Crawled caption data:
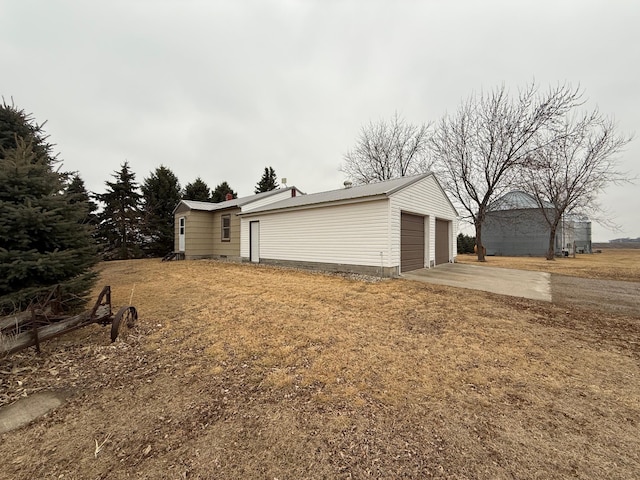 view of side of property featuring a detached garage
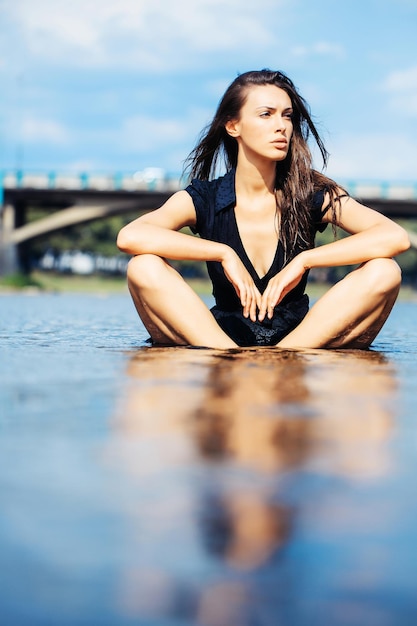 Junge sexy Frau, die im Wasser sitzt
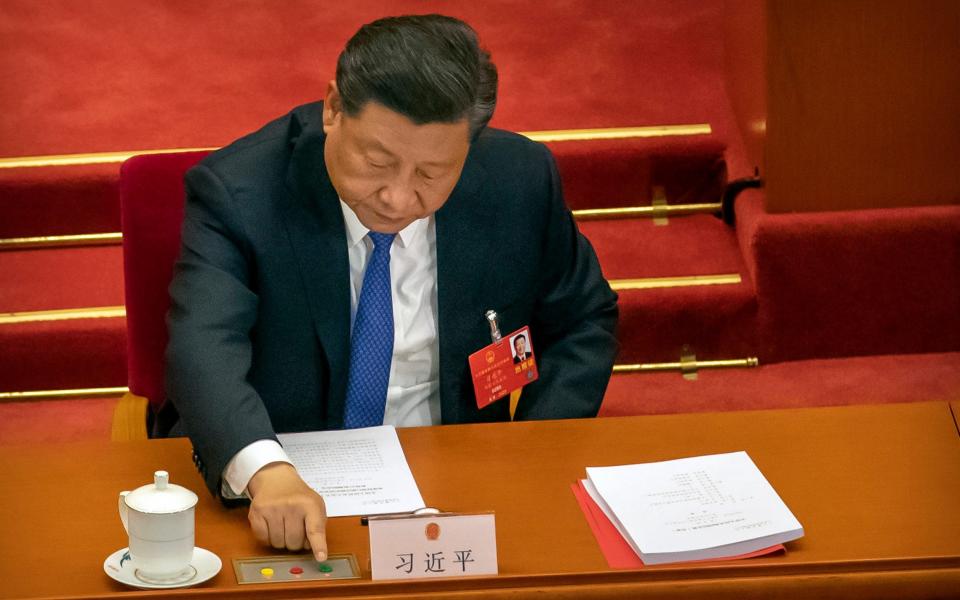 Xi Jinping voting to sign the security bill into law. The West says it will destroy Hong Kong's independence from Beijing - AP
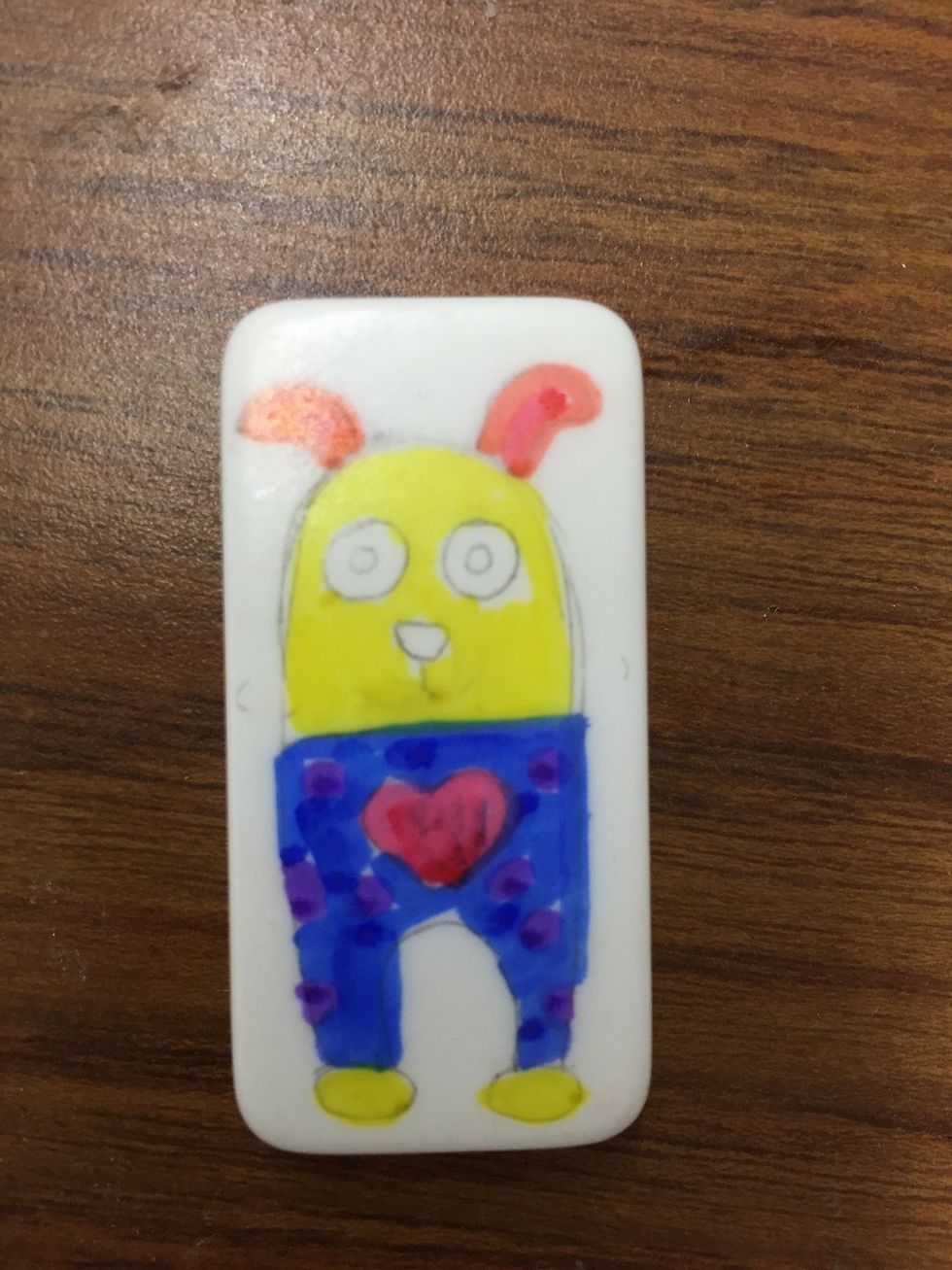 Color in design with permanent markers.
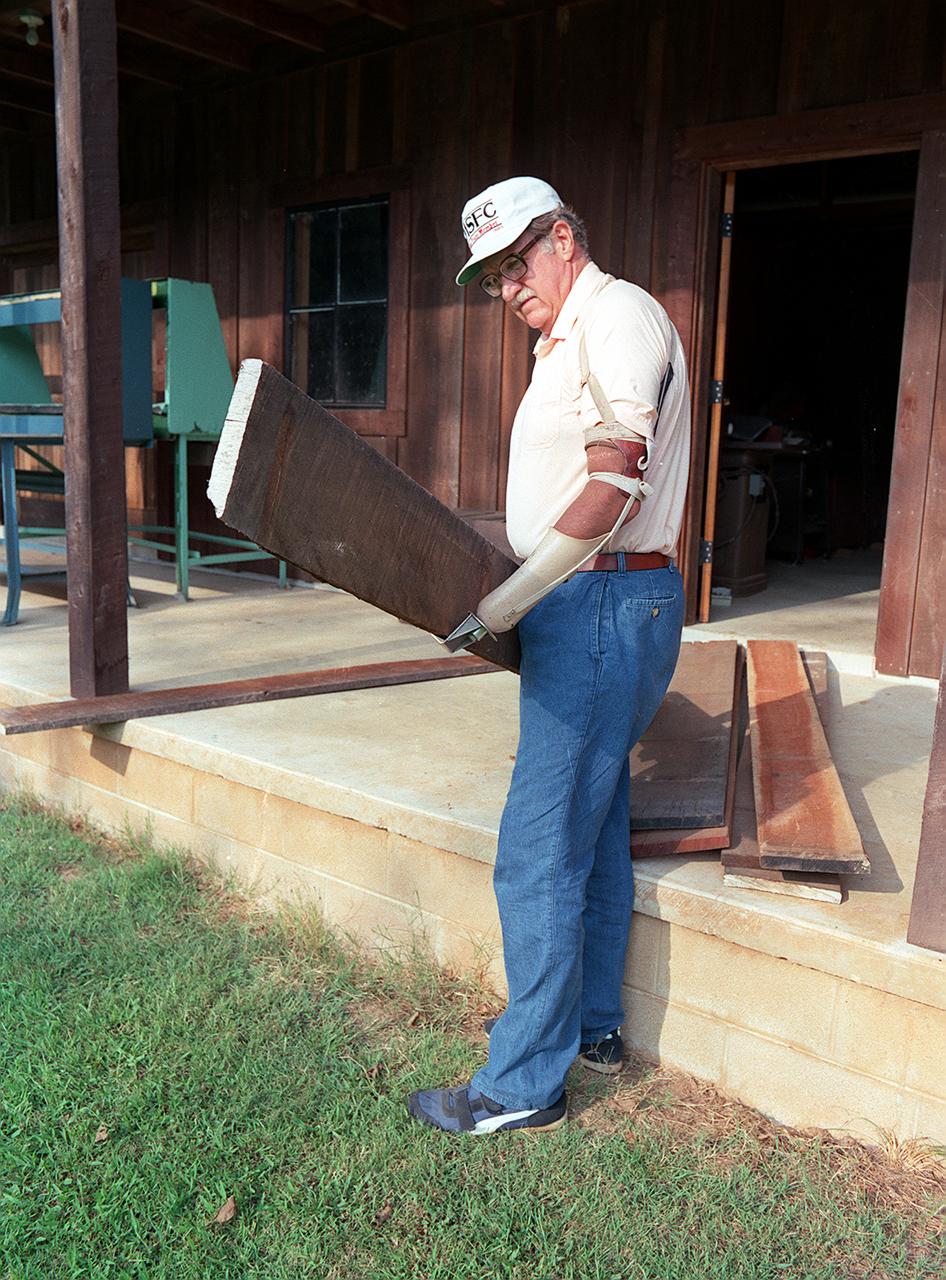 In this photograph, James Carden uses a NASA-developed prosthesis to moved planks around his home. Derived from foam insulation technology used to protect the Space Shuttle External Tank from excessive heat, FAB/CAD, a subsidiary of the Harshberger Prosthetic and Orthotic Center, utilized the technology to replace the heavy, fragile plaster they used to produce master molds for prosthetics. The new material was lighter, cheaper and easier to manufacture than plaster, resulting in lower costs to the customer.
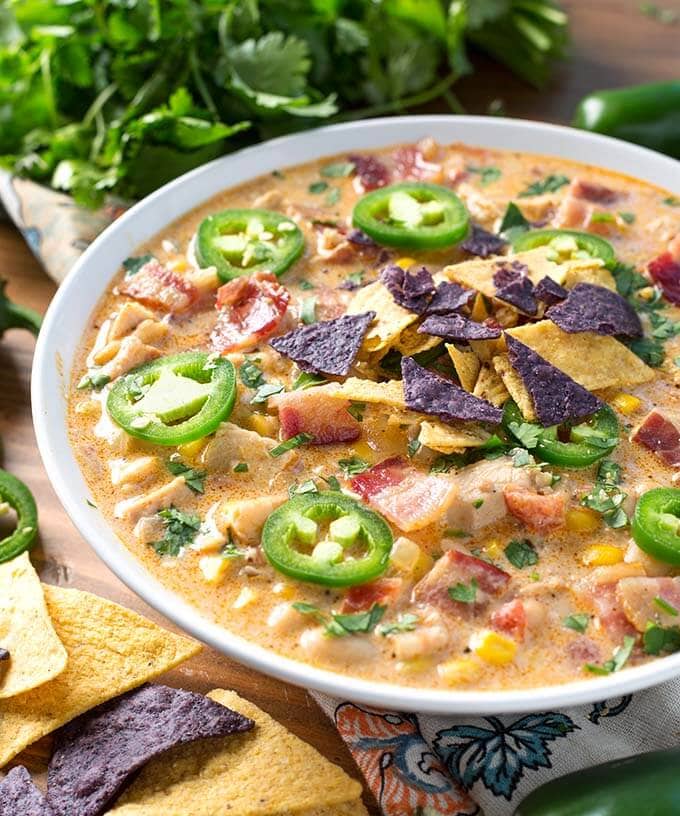Jalapeño Popper Chicken Chili in a white bowl next to herbs and tortilla chips
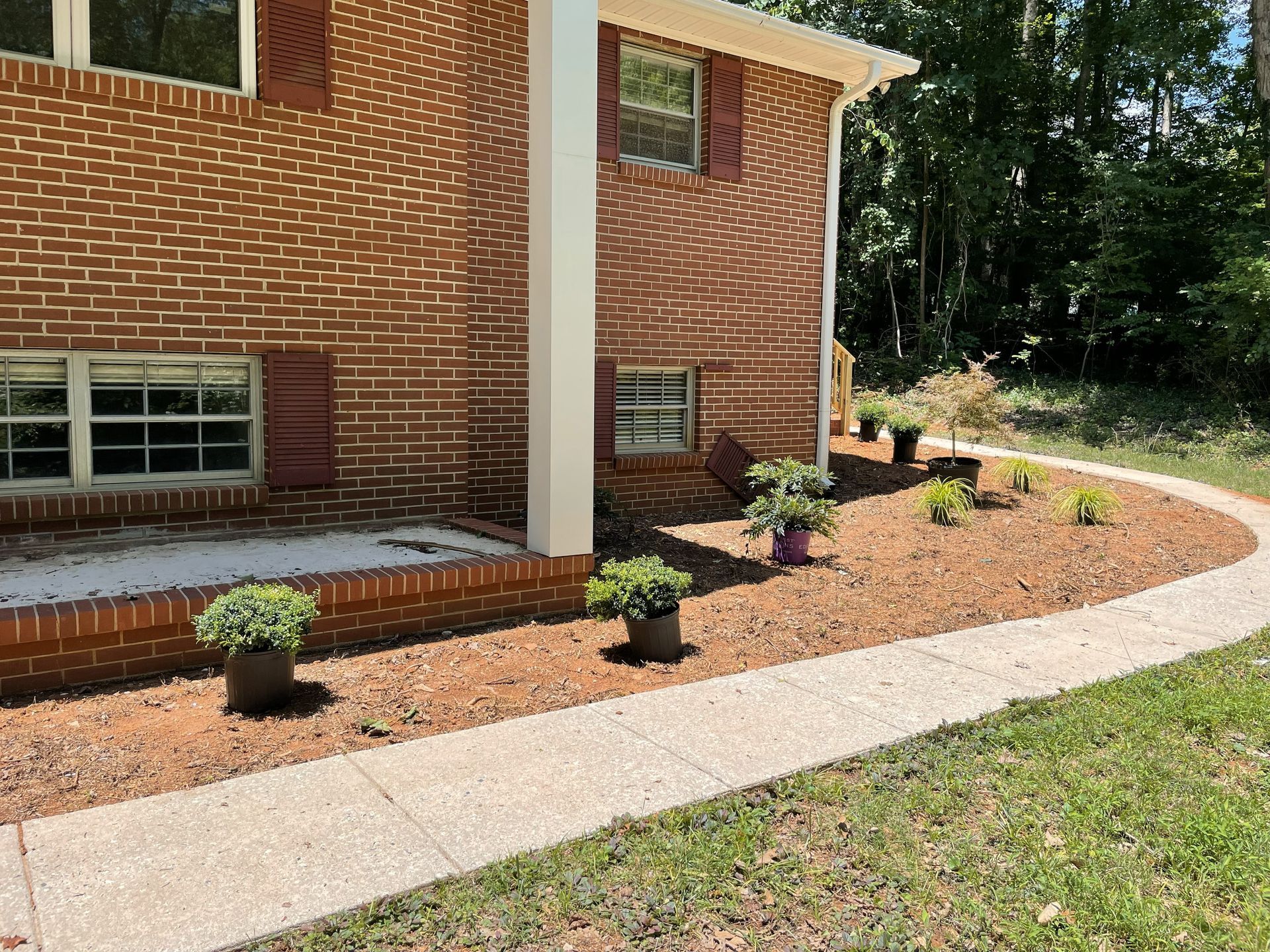 Brick house with landscaping border, concrete sidewalk, potted plants.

__Problem details__. Every entry is to be transcribed exactly, but the pictures are to be left out.

__Output below__.
 view of side of property featuring a detached garage
 Junge sexy Frau, die im Wasser sitzt
 Xi Jinping voting to sign the security bill into law. The West says it will destroy Hong Kong's independence from Beijing - AP
 Color in design with permanent markers.
 In this photograph, James Carden uses a NASA-developed prosthesis to moved planks around his home. Derived from foam insulation technology used to protect the Space Shuttle External Tank from excessive heat, FAB/CAD, a subsidiary of the Harshberger Prosthetic and Orthotic Center, utilized the technology to replace the heavy, fragile plaster they used to produce master molds for prosthetics. The new material was lighter, cheaper and easier to manufacture than plaster, resulting in lower costs to the customer.
Jalapeño Popper Chicken Chili in a white bowl next to herbs and tortilla chips
 Brick house with landscaping border, concrete sidewalk, potted plants.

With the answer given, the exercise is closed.